Accordingly, given the "virtually unflagging obligation to
exercise the jurisdiction given them" by Congress, see Colorado
River Water Conservation Dist. v. United States, 424 U.S. 800,
821, 96 S.Ct. 1236, 1248 (1976), a district court may not abstain
under Burford and dismiss the complaint when the remedy sought is
legal rather than discretionary. Quackenbush, 116 S. Ct. at
1727. To the extent, then, that General Glass held that Burfordabstention
may be applied to dismiss a complaint in an action at
law, it has been overruled by Quackenbush.
In the present case, however, while the district court
abstained under Burford, it stayed the action rather than dismiss
the complaint. In Quackenbush, the Supreme Court indicated in
dictum that such a course is proper:
Unlike the outright dismissal or remand of a federal
suit, . . . an order merely staying the action "does
not constitute abnegation of judicial duty. On the
contrary, it is a wise and productive discharge of it.
There is only postponement of decision for its best
fruition."
Id. at 1723 (quoting Louisiana Power & Light Co. v. Thibodaux,
360 U.S. 25, 29, 79 S.Ct. 1070, 1073 (1959)). Thus, the Court
continued:
In those cases in which we have applied traditional
abstention principles to damages actions, we have only
permitted a federal court to withhold action until the
state proceedings have concluded; that is, we have
permitted federal courts applying abstention principles
in damages actions to enter a stay, but we have not
permitted them to dismiss the action altogether[.]
The per se rule described by the Ninth Circuit
is, however, more rigid than our precedents require.
We have not strictly limited abstention to equitable
cases, but rather have extended the doctrine to all
cases in which a federal court is asked to provide some
form of discretionary relief. Moreover, as
demonstrated by our decision in Thibodaux, we have not
held that abstention principles are completely
inapplicable in damages actions. Burford might support
a federal court's decision to postpone adjudication of
a damages action pending the resolution by the state
courts of a disputed question of state law.
Id. at 1727-28 (citations and internal quotation marks omitted).

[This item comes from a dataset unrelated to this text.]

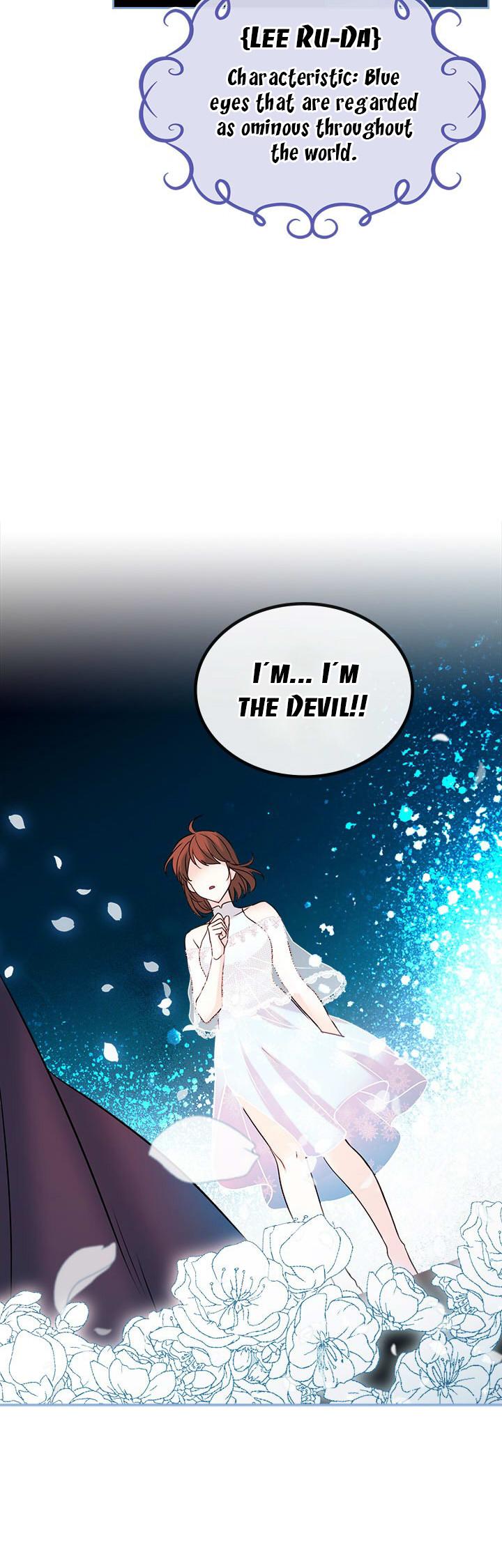 Page 4 of Chapter 34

We think the district court's stay order was entirely
appropriate. Rather than abdicate its judicial duty to exercise
its jurisdiction, the district court simply postponed the
exercise of that jurisdiction until the proceedings in the
Commonwealth Court reach their conclusion. This approach retains
the sensitivity for concerns of federalism and comity implicated
by Burford abstention, while preserving appellants' right to
litigate their claims in the federal forum should the
Pennsylvania courts, for jurisdictional or other reasons, fail to
adjudicate them. The entry of a stay rather than a dismissal
prevents those claims from becoming time-barred should
jurisdiction be somehow lacking in the Commonwealth Court, and
the preclusion doctrines of res judicata and collateral estoppel
will prevent their re-litigation in the more likely event that
court proceeds to judgment.
III.
We will accordingly affirm the order of the district court.